Si lelaki tak memiliki busana pengantin lantas meminjam baju tentara seorang laskar; si perempuan meminjam busana properti tari topeng Betawi. Riwayat lukisan itu bermula dari sketsa yang digoreskan pada 1947 lantas digubah dalam cat minyak di atas kanvas pada 1957.
Dalam laku, kepedulian Hendra terhadap dunia para kere juga tampak ketika Presiden Soekarno mensponsorinya berpameran tunggal pada 1946. Di pergelaran lukisan pertama era Indonesia merdeka itu, Hendra memberi kejutan menampilkan ”pagar ayu para kere” menyambut kedatangan Soekarno.
Saat itu, Bapak Proklamator tertegun sampai menggenangkan air mata, sedangkan Hendra Gunawan berujar singkat bahwa setiap orang berhak menikmati lukisannya.
Agus Dermawan T melihat empati Hendra kepada rakyat jelata tak lepas dari pengalaman hidup berutang budi kepada seorang kere. Agus menulis analisis begini: ”Empati seperti dalam karya seni Hendra merupakan analogi dari simpati berlebihan.
Sebuah teori yang ditawarkan pemikir Jerman Theodor Lipps dalam teori Einfuhlung menegaskan tentang masuknya perasaan seniman ke dalam obyek sehingga seniman memproyeksikan dirinya ke dalam situasi obyek tersebut. Maka, sikap berkesenian Hendra terhadap rakyat jelata dapat disebut normal… (hlm 31).
Warna-warni kehidupan
Beberapa situasi dramatik yang menarik diungkap di buku ini ketika periode melukis di penjara. Saban merampungkan lukisan di penjara, Hendra kerap menerakan kode KW singkatan dari Kebon Waru di sisi tanda tangan.
Satu lukisan berjudul ”Ali Sadikin pada Masa Perang Kemerdekaan” (1978) jadi perkecualian. Pasalnya, saat itu, di antara napi santer kasak-kusuk datangnya bulan pembebasan.
Penciptaan lukisan itu pun unik, mirip Pramoedya Ananta Toer menulis Tetralogi Pulau Buru di kamp kerja paksa. Hendra tak mengenal Ali Sadikin hanya bermodal spirit melukis ”ikon daerah” dan ”epos pahlawan daerah” di Indonesia.

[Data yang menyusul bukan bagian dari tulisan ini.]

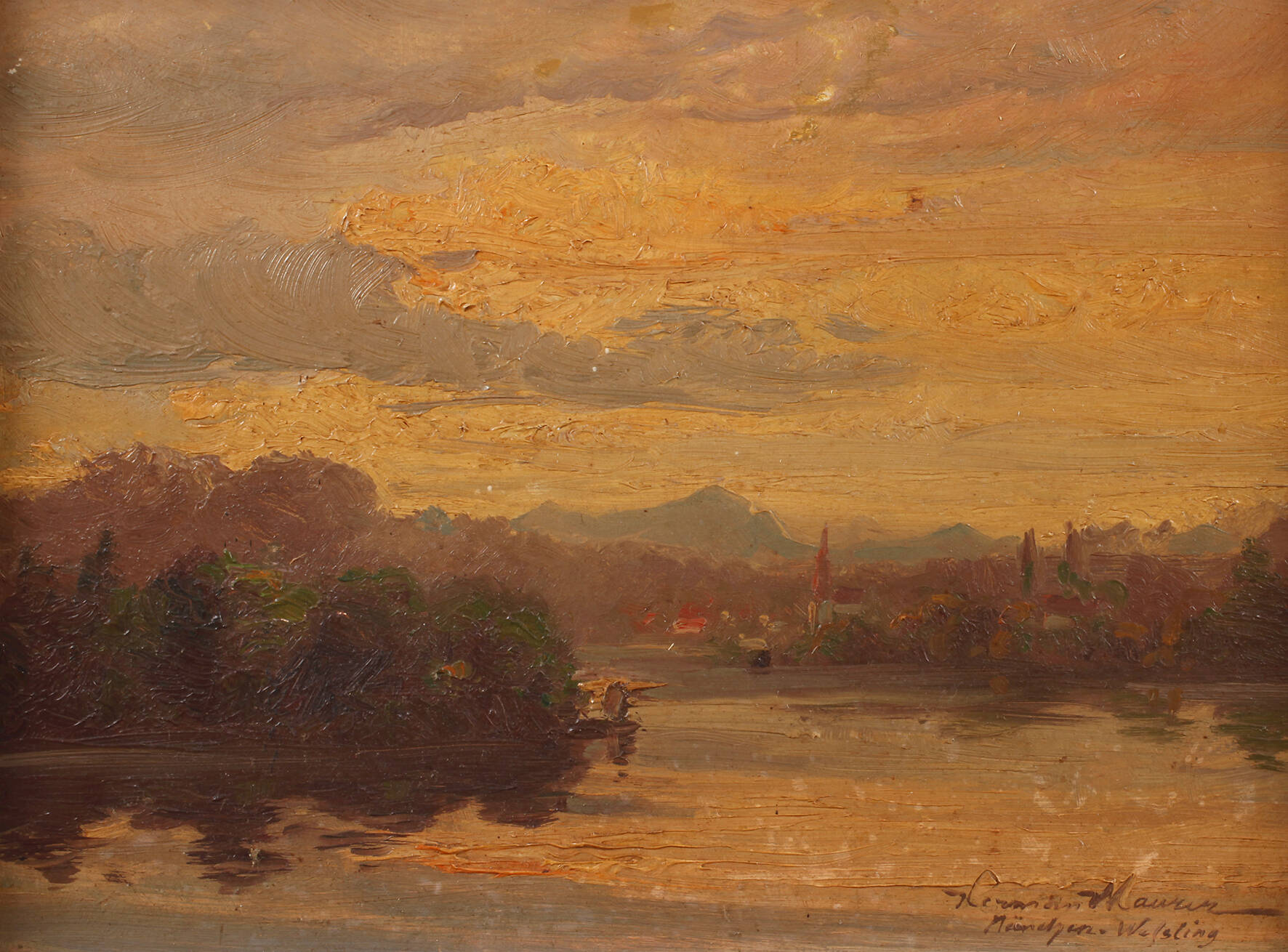 Hermann Maurer, Abend am See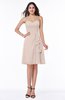 Casual A-line Zipper Chiffon Knee Length Ruching Bridesmaid Dresses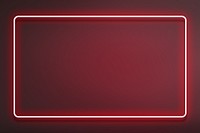 Neon red frame background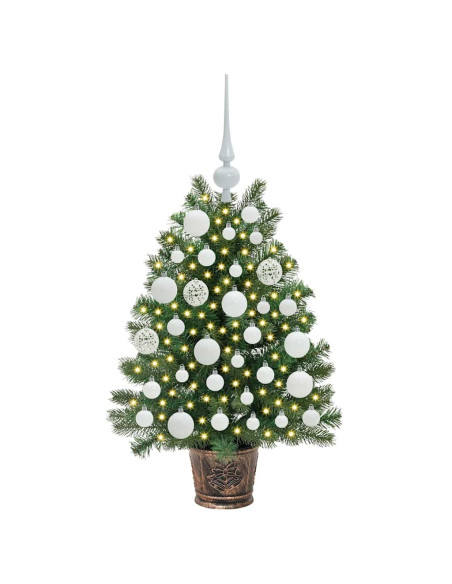 Albero di Natale artificiale con 150 LED Verde 65 cm PE e PVC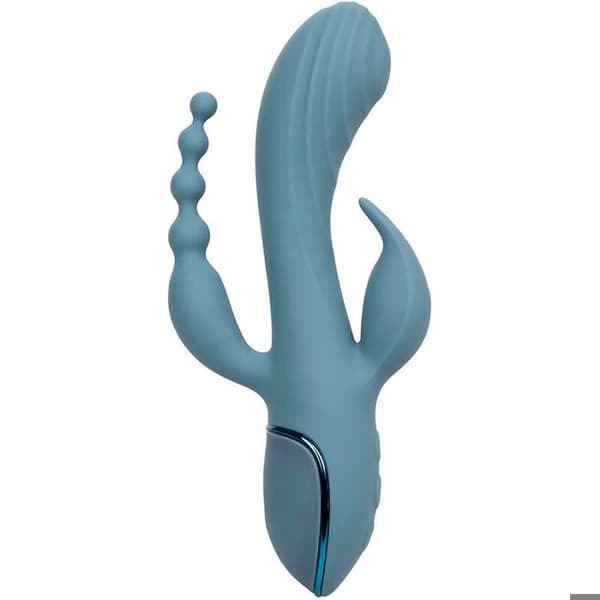 CALEXOTICS - TRIPPEL VIBRATOR EKSTASY GRÅ -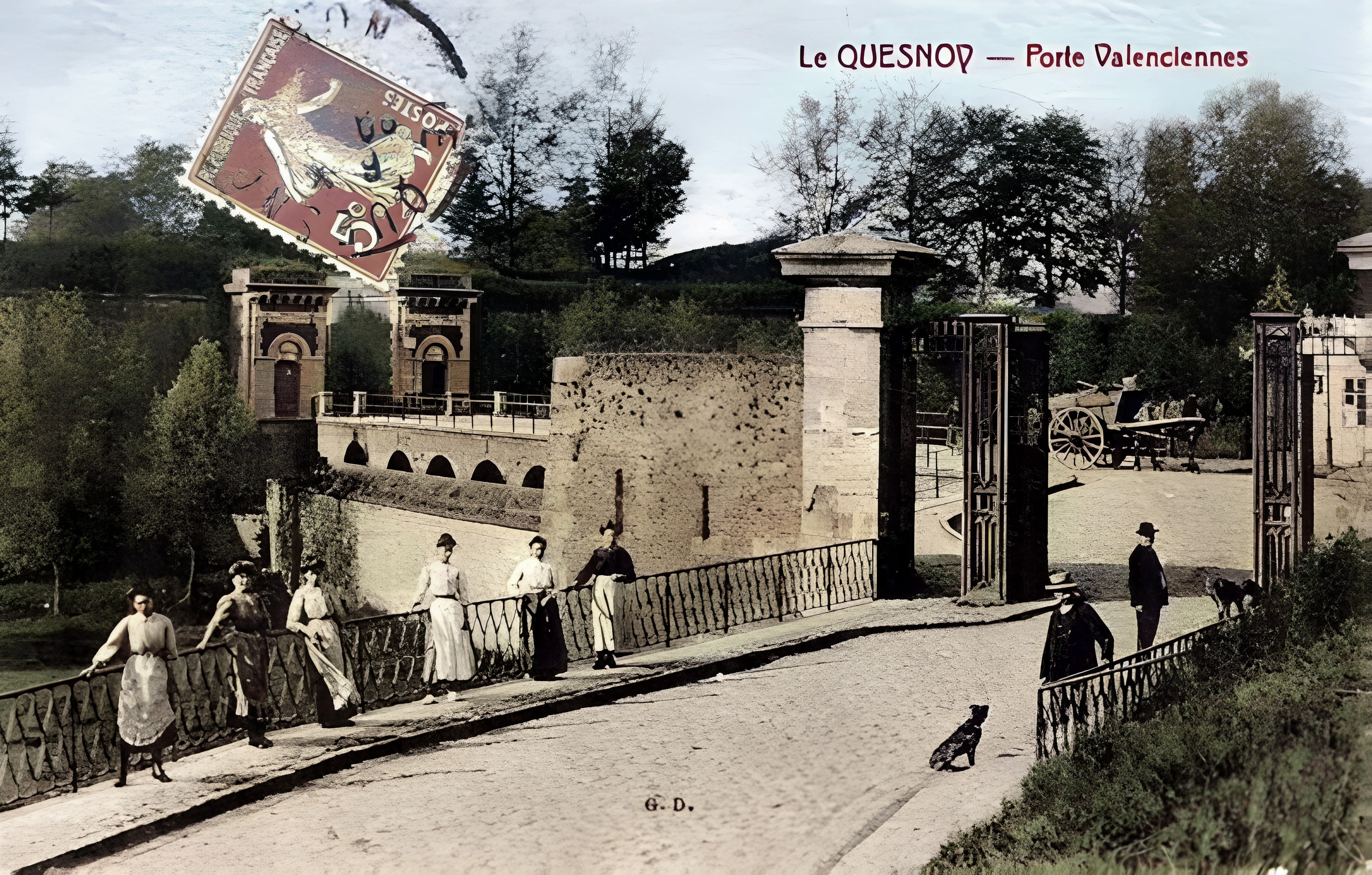 Le Quesnoy, ses remparts. La porte de Valenciennes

Akhirnya, segala properti yang ada di lukisan—busana angkatan laut, teropong samudra, moge Harley Davidson—dikembangkan dari imajinasi yang didengarnya dari cerita rekan-rekan di penjara dan sejumlah tamu yang mengunjunginya.
Di penjara pula awal mula terjalin hubungan romantik antara Hendra dengan istri keduanya, Nuraeni. Berstatus sesama tapol, Nuraeni dituduh sebagai oknum gerakan politik sebab kelompok drumband yang diikutinya kerap dikoordinasi CGMI (Consentrasi Gerakan Mahasiswa Indonesia), organisasi onderbouw PKI.
Benih-benih cinta tumbuh ketika Hendra melatih melukis sesama narapidana. Di kemudian hari, kesemarakan warna tropikal yang menonjol dalam lukisan Nuraeni mempengaruhi proses kreatif Hendra dalam memanifestasikan warna di atas kanvas.
Biografi ini terbilang rinci memaparkan warna-warni kehidupan Hendra Gunawan. Dilengkapi dengan cuplikan 65 lukisan dari berbagai periode, disisipkan pula puisi, surat-surat, kliping artikel pengamat seni dan ihwal pemalsuan lukisan Hendra seiring merebaknya lukisan di Indonesia.
Buku ini adalah epos Hendra Gunawan sebagai pelukis besar Indonesia. Sebagaimana lukisan epos pahlawan daerah yang dimaksudkan Hendra untuk mengabadikan jejak langkah anak bangsa berjuang menjadi manusia merdeka.